### Activity
Wherever a line below holds the word "Used", copy that line.
═════ Dataset ═════
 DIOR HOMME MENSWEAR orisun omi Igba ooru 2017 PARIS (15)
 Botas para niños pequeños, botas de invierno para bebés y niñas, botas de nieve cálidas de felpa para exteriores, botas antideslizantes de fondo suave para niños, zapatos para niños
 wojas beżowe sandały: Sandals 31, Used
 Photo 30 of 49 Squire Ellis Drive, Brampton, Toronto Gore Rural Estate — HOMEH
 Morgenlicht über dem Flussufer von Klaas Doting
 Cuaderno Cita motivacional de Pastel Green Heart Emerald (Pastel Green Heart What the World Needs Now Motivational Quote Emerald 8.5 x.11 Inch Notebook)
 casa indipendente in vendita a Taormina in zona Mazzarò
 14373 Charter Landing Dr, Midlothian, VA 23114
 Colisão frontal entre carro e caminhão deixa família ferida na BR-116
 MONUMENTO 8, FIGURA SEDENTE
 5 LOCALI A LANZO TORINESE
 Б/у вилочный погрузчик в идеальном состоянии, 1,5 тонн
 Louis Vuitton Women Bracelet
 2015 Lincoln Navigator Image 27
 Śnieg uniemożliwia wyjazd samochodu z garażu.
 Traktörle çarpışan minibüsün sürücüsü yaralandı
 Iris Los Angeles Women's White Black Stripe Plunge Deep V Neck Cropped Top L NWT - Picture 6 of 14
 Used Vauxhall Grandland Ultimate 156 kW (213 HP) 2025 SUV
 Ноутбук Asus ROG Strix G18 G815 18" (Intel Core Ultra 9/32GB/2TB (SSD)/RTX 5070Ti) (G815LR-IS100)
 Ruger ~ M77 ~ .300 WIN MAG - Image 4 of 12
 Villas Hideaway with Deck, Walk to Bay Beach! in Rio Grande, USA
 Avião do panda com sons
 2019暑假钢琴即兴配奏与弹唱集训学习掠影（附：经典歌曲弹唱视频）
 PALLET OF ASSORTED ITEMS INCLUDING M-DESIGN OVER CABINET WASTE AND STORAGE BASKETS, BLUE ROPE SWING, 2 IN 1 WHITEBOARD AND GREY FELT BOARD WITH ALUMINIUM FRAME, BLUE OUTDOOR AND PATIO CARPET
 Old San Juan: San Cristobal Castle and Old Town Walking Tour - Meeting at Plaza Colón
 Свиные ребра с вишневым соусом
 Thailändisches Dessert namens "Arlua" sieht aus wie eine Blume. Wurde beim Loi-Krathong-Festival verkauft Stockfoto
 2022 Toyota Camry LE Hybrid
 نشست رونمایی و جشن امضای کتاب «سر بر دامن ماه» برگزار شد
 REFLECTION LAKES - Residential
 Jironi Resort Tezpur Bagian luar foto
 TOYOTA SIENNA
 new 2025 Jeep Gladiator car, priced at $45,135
═════
### Exercise answer
 wojas beżowe sandały: Sandals 31, Used
 Used Vauxhall Grandland Ultimate 156 kW (213 HP) 2025 SUV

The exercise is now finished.